Geek Answers Handbook

The distribution of balls in the "hoppers with given capacities" using dynamic programming

I was wondering how to solve such a problem using DP.

Given n balls and m bins, each bit has a max. capacity c1, c2, ... see. What is the total number of ways to spread these n balls into these m bins.

The problem I am facing is

  • How to find a recurrence relation (I could, when capacitances were the only constant c).
  • There will be several test cases, each of which has its own set of c1, c2 .... see.
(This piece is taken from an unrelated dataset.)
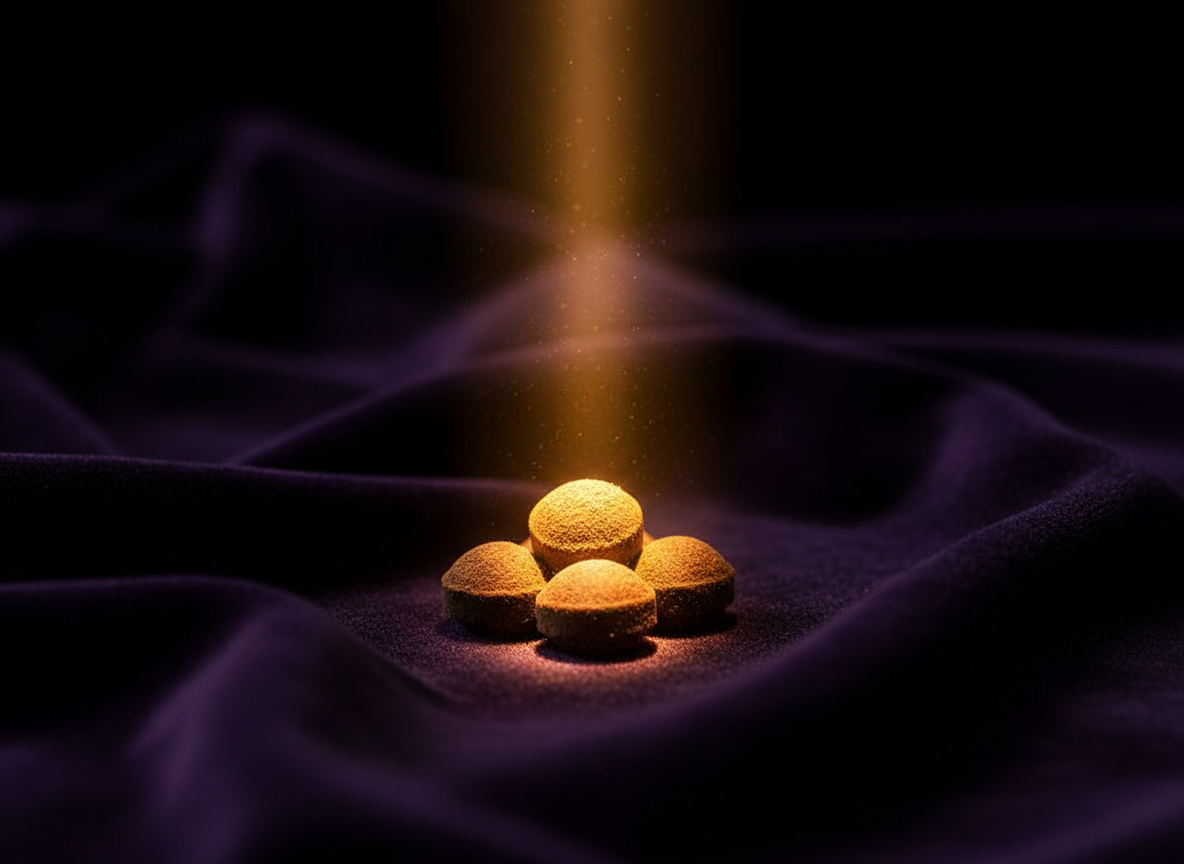 침향환 비싸게 샀다면 가성비 TOP 5 제대로 고르기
So, how would DP actually apply all these test cases, because the answer clearly depends on the current c1, c2 .... cm, and I cannot store (or precalculate) the answer for all combinations c1, c2 .... see

In addition, I also could not come up with any direct combinatorial formula for this problem, and I do not think that it exists either.

+7
source share
2 answers

You can define your function by assuming the limits c[0] , c[1] , ... c[m-1] as fixed, and then writing a recursive formula that returns the number of ways you can distribute n balls into cells , starting at index k . With this approach, the basic formula is simply

 def solutions(n, k): if n == 0: return 1 # Out of balls, there only one solution (0, 0, 0, 0 ... 0) if k == m: return 0 # Out of bins... no solutions total = 0 for h in xrange(0, min(n, c[k])+1): # from 0 to c[k] (included) into bin k total += solutions(n - h, k + 1) return total

then you need to add memoization (this will be equivalent to the DP approach) and some other optimizations, for example, for example. that if n > c[k] + c[k+1] + c[k+2] + ... , then you know that there are no solutions without the need for a search (and you can copy partial sums beforehand).

+1
source

  • There is a combinatorial formula for this problem. The problem of finding solutions to your problem is equivalent to finding the number of solutions to the equation
    x1 + x2 + x3 + ... + xm = n
    where xi < ci
    Which is equivalent to finding the cofficient of x^n in the following equation
    (1+x+..x^c1)(1+x+..+x^c2)...(1+x+...+x^cm)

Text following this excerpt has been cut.